[Exercise aim]:
What lines of the data below hold "thumbnail"? Show them.
──────── Data for this exercise ────────
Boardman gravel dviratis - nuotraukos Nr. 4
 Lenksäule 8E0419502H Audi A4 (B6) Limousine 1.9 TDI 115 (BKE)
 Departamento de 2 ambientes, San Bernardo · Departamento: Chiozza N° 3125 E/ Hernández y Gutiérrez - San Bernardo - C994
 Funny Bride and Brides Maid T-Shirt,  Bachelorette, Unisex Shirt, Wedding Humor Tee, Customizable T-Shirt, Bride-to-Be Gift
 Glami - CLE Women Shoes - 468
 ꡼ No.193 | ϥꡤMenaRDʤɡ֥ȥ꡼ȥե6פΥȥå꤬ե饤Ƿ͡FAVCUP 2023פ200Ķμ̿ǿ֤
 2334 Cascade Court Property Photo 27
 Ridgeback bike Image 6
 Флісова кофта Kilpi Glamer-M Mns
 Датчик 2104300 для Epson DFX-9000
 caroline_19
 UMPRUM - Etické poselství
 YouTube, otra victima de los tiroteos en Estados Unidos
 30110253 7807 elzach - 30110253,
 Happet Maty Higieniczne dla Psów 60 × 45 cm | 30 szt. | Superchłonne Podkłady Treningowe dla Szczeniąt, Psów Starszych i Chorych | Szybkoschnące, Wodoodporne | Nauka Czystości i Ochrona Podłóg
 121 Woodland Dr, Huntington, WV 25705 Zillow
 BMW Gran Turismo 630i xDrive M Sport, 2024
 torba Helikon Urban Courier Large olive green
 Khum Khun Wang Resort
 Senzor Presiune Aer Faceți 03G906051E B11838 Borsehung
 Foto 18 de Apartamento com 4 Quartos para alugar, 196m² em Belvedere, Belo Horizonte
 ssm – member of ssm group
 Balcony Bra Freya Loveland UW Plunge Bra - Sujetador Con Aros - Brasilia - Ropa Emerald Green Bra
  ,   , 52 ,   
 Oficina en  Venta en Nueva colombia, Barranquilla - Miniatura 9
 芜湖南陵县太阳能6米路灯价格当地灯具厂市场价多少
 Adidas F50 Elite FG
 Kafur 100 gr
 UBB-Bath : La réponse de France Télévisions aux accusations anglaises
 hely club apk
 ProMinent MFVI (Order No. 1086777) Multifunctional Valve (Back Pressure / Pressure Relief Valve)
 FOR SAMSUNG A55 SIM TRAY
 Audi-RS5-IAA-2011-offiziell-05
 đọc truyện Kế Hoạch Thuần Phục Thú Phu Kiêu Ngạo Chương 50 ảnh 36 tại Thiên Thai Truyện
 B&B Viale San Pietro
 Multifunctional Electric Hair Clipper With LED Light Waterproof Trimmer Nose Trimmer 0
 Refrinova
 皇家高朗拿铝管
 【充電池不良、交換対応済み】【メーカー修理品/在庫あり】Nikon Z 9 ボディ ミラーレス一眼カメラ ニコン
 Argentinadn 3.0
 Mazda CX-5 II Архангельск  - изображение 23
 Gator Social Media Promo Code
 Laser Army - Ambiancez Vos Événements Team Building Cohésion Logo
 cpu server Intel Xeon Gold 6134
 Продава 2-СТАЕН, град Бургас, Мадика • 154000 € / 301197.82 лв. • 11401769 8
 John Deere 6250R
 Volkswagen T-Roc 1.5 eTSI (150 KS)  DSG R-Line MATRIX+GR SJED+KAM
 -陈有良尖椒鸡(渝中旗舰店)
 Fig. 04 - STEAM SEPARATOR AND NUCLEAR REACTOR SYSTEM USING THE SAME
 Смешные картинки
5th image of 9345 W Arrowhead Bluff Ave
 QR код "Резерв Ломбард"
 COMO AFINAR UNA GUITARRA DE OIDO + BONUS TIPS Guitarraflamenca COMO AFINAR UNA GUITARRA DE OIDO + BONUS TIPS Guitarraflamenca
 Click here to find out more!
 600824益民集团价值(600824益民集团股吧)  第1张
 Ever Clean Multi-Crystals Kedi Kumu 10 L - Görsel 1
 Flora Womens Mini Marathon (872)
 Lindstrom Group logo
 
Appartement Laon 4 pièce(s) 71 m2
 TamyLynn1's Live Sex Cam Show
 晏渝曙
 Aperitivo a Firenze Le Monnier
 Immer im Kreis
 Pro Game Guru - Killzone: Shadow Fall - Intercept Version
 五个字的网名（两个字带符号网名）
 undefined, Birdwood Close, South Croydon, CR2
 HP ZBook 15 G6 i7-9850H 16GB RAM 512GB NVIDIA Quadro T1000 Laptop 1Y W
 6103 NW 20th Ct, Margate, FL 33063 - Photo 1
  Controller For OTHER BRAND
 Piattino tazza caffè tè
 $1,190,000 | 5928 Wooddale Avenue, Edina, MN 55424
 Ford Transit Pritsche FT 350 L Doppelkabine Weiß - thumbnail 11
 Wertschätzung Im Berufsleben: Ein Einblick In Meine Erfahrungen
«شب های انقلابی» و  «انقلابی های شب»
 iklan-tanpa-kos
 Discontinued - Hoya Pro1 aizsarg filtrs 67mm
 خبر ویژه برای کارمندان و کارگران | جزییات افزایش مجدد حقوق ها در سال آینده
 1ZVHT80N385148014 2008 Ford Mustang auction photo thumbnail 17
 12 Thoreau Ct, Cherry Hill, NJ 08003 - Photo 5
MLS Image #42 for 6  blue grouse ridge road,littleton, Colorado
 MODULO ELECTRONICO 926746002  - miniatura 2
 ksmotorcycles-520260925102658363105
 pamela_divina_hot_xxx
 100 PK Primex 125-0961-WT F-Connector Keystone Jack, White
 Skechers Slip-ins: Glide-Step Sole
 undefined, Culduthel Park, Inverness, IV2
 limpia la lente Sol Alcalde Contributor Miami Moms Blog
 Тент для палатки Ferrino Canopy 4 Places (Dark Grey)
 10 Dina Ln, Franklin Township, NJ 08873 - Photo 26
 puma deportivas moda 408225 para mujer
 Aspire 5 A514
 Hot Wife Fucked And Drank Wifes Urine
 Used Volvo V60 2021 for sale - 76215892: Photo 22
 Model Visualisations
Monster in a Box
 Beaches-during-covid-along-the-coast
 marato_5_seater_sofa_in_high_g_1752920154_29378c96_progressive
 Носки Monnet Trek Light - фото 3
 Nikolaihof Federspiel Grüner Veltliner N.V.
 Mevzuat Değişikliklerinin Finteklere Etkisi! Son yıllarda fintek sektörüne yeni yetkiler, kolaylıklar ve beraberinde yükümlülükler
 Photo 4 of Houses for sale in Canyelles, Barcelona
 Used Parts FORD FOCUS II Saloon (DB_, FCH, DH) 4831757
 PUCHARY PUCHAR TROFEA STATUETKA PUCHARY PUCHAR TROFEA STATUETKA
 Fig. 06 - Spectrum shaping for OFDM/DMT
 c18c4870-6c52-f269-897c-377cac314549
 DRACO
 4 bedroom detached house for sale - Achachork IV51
────────
[Solution]:
 Ford Transit Pritsche FT 350 L Doppelkabine Weiß - thumbnail 11
 1ZVHT80N385148014 2008 Ford Mustang auction photo thumbnail 17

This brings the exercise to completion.